Work item -> When you reproduce the data, keep every word exactly as it stands and leave the pictures out.

Provided data ->

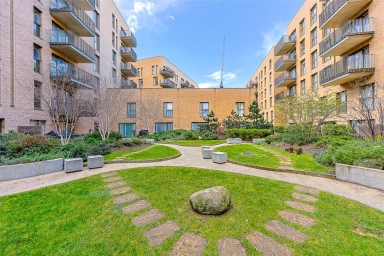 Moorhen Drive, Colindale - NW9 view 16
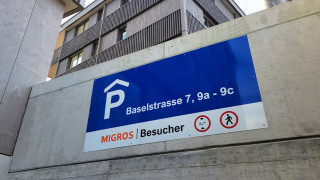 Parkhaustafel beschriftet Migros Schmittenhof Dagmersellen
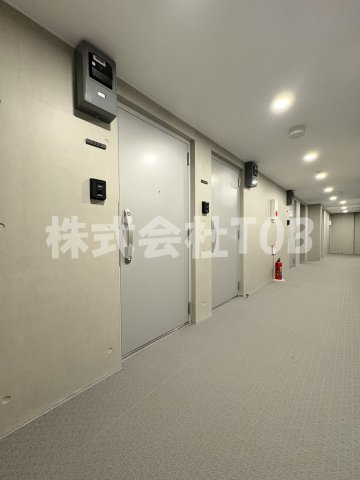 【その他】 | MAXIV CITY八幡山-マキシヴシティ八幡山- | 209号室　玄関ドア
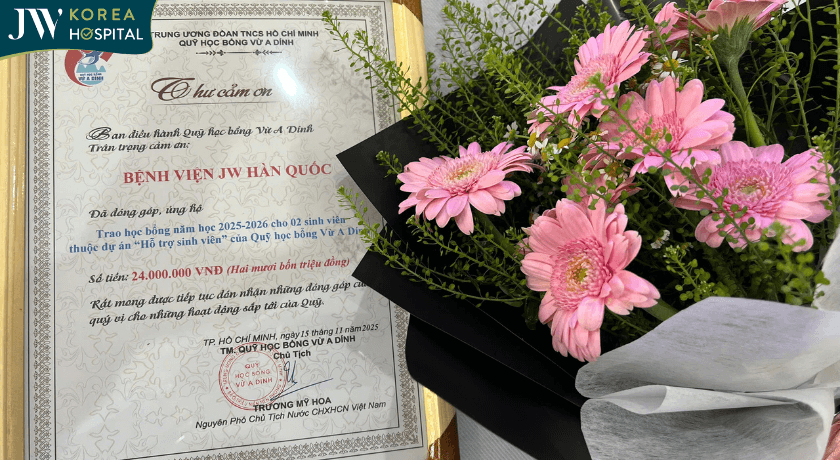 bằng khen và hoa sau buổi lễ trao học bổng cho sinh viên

Reply to the task ->
 Moorhen Drive, Colindale - NW9 view 16
 Parkhaustafel beschriftet Migros Schmittenhof Dagmersellen
 【その他】 | MAXIV CITY八幡山-マキシヴシティ八幡山- | 209号室　玄関ドア
 bằng khen và hoa sau buổi lễ trao học bổng cho sinh viên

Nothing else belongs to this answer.